■ Data listing
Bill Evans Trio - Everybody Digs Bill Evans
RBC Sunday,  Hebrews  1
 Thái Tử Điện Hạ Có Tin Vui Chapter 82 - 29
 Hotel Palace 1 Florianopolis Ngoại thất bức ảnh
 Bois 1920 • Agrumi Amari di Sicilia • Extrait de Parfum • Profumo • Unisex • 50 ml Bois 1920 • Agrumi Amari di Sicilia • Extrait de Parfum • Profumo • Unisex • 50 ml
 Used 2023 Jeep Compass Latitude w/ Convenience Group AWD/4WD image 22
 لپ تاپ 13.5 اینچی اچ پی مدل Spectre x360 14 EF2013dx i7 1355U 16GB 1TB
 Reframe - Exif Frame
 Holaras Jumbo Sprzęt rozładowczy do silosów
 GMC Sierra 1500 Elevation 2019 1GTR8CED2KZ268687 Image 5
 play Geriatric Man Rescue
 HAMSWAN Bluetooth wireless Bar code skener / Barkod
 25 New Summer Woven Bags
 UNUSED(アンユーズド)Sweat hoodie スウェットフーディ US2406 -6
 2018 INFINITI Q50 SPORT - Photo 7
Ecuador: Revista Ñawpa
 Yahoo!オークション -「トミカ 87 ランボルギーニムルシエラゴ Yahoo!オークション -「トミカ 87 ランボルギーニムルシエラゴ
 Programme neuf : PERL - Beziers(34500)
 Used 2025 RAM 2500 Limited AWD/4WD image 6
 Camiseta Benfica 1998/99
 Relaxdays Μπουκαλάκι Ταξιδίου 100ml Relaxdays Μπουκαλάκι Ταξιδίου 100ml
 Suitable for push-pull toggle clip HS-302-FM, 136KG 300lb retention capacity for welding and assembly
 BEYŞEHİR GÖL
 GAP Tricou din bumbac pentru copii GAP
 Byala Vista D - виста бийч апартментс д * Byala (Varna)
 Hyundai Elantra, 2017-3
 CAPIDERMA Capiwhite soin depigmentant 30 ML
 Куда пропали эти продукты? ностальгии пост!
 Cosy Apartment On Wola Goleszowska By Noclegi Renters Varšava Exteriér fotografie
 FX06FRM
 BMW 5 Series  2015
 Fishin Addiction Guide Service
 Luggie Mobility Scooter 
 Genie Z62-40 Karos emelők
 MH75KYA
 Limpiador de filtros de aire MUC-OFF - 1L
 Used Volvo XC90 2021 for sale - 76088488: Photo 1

■ What is required
Retype each entry exactly, leaving none of them out.

■ Exercise response
Bill Evans Trio - Everybody Digs Bill Evans
RBC Sunday,  Hebrews  1
 Thái Tử Điện Hạ Có Tin Vui Chapter 82 - 29
 Hotel Palace 1 Florianopolis Ngoại thất bức ảnh
 Bois 1920 • Agrumi Amari di Sicilia • Extrait de Parfum • Profumo • Unisex • 50 ml Bois 1920 • Agrumi Amari di Sicilia • Extrait de Parfum • Profumo • Unisex • 50 ml
 Used 2023 Jeep Compass Latitude w/ Convenience Group AWD/4WD image 22
 لپ تاپ 13.5 اینچی اچ پی مدل Spectre x360 14 EF2013dx i7 1355U 16GB 1TB
 Reframe - Exif Frame
 Holaras Jumbo Sprzęt rozładowczy do silosów
 GMC Sierra 1500 Elevation 2019 1GTR8CED2KZ268687 Image 5
 play Geriatric Man Rescue
 HAMSWAN Bluetooth wireless Bar code skener / Barkod
 25 New Summer Woven Bags
 UNUSED(アンユーズド)Sweat hoodie スウェットフーディ US2406 -6
 2018 INFINITI Q50 SPORT - Photo 7
Ecuador: Revista Ñawpa
 Yahoo!オークション -「トミカ 87 ランボルギーニムルシエラゴ Yahoo!オークション -「トミカ 87 ランボルギーニムルシエラゴ
 Programme neuf : PERL - Beziers(34500)
 Used 2025 RAM 2500 Limited AWD/4WD image 6
 Camiseta Benfica 1998/99
 Relaxdays Μπουκαλάκι Ταξιδίου 100ml Relaxdays Μπουκαλάκι Ταξιδίου 100ml
 Suitable for push-pull toggle clip HS-302-FM, 136KG 300lb retention capacity for welding and assembly
 BEYŞEHİR GÖL
 GAP Tricou din bumbac pentru copii GAP
 Byala Vista D - виста бийч апартментс д * Byala (Varna)
 Hyundai Elantra, 2017-3
 CAPIDERMA Capiwhite soin depigmentant 30 ML
 Куда пропали эти продукты? ностальгии пост!
 Cosy Apartment On Wola Goleszowska By Noclegi Renters Varšava Exteriér fotografie
 FX06FRM
 BMW 5 Series  2015
 Fishin Addiction Guide Service
 Luggie Mobility Scooter 
 Genie Z62-40 Karos emelők
 MH75KYA
 Limpiador de filtros de aire MUC-OFF - 1L
 Used Volvo XC90 2021 for sale - 76088488: Photo 1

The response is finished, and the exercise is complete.